Advocates say Ms. Hall’s is a textbook example of a situation that has ensnared many financially unsophisticated would-be homeowners without access to traditional mortgage lenders.

Several of the homes she initially looked at were in poor condition, but Ms. Hall held out hope that if she kept looking she could find a house she could fix up and live in with her two children.

Vision’s website bills it as “the country’s largest provider of affordable Lease-to-Own property opportunities.” The company “take[s] great pride in creating an available inventory of affordable homes for individuals and families that may not currently qualify for conventional property purchases due to various employment, health, divorce or other financial reasons.”

When Ms. Hall found a house in Dravosburg, it seemed like what she was looking for — there was a small area in the dining room that appeared to have water damage, but it otherwise the house appeared to be in good condition, she said.

She was excited to see that it had a garage, so she would not have to park her car on the street.

“I called them and said, ‘I really like this house.’ He said, ‘It’s first- come, first-served … . If you’re interested, I’m going to email you these papers. Hurry up and get it notarized and filled out because somebody else could take it.’ So it’s like this rush.”
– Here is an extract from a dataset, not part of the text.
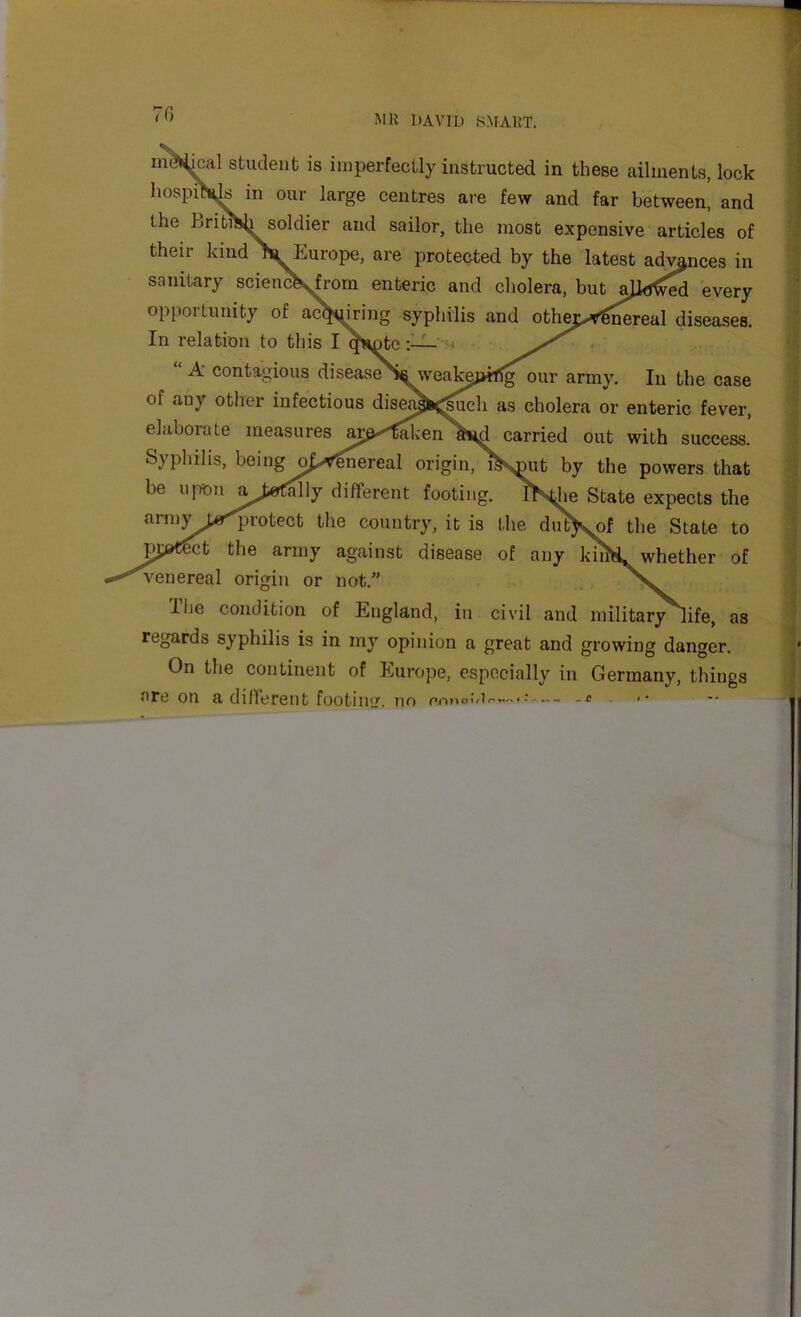 70 Mil DAVID 8MA11T. ni^kal student is imperfectly instructed in these ailments, lock hospiSi^ in our large centres are few and far between, and the BritSh soldier and sailor, the most expensive articles of their kind^Europe, are protected by the latest ad^nces in sanitary scienc^from enteric and cholera, but aJl^M every opportunity of acting syphilis and othe>^^real diseases. In relation to this I^^^nto:—=< . ‘ A‘ contagious diseaseS^veak^pifTg our army. In the case of any otlier infectious disea^^^och as cholera or enteric fever, elaborate measures aj^'^'f^enavd carried out with success. Syphilis, being opt^ereal origin, i^smit by the powers that be upon at»CalIy different footing, l^e State expects the arnivt«^rotect the country, it is the diff>sof the State to the army against disease of any kuX. whether of venereal origin or not.” Ihe condition of England, in civil and military^ife, as regards syphilis is in my opinion a great and growing dano'er On the continent of Europe, especially in Germany, things are on a different footing. no prmoiM^—-c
After quickly getting the required paperwork filled out and notarized, she signed an agreement last year. With a $1,370 down payment, along with her monthly payments, Ms. Hall believed she would own the two-bedroom home — which was listed at $48,000, according to court documents — at the end of seven years.

But only a small fraction of Ms. Hall’s $420 monthly rent — $33.63 — would be counted toward that, the agreement she signed states. That means at the end of seven years, she would have paid only about $2,800 toward the purchase price. At the end of seven years, she can give up the home, or must pay off the balance either through a cash sale or some type of financing.

Allegheny County real estate records show that RVFM 11 SERIES LLC, the legal entity tied to Vision taking Ms. Hall to court, paid $10,590 for the property in 2014.

Installment land contract?

Ms. Hall’s attorney, Eileen Yacknin, argues that while the agreement Ms. Hall signed was labeled a “residential lease with option to purchase,” the agreement was really an installment land contract.

A recent report from the National Consumer Law Center about such contracts noted that they are “marked by grossly unequal bargaining power and access to information between the buyers and sellers, the steep financial costs imposed on buyers throughout the transaction, the fundamental unfairness of forfeiture clauses, limited or no regulation in most states, and a lack of access to affordable legal assistance to enforce what few legal protections exist.”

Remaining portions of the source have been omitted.